:: WHAT NEEDS TO BE DONE ::
Transcribe exactly the lines that fall between the one holding "Asian middle aged man at home" and the one holding "Classic pear shaped", inclusive, from the entries below.
■ ■ ■ ■ ■ ■ ■
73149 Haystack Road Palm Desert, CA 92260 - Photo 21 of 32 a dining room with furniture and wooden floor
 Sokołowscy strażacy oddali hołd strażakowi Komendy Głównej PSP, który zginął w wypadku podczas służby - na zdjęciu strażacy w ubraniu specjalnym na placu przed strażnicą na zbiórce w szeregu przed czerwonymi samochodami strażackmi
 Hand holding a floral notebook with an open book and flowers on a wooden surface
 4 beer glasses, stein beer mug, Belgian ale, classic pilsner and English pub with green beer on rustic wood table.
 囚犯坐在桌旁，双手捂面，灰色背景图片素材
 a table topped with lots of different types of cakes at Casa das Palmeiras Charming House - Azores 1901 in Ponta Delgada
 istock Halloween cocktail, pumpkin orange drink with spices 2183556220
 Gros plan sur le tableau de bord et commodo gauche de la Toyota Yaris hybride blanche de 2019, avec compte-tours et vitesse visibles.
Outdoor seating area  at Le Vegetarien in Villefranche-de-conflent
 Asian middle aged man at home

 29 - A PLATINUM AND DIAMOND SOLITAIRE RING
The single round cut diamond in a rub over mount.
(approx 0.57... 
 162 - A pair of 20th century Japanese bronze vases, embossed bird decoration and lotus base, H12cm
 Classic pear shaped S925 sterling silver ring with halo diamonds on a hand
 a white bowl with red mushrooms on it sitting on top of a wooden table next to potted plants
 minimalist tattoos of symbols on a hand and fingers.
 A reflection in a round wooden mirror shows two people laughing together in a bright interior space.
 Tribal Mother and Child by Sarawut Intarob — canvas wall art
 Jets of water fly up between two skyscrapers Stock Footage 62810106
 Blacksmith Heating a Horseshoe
■ ■ ■ ■ ■ ■ ■
:: PROBLEM SOLUTION ::
 Asian middle aged man at home

 29 - A PLATINUM AND DIAMOND SOLITAIRE RING
The single round cut diamond in a rub over mount.
(approx 0.57... 
 162 - A pair of 20th century Japanese bronze vases, embossed bird decoration and lotus base, H12cm
 Classic pear shaped S925 sterling silver ring with halo diamonds on a hand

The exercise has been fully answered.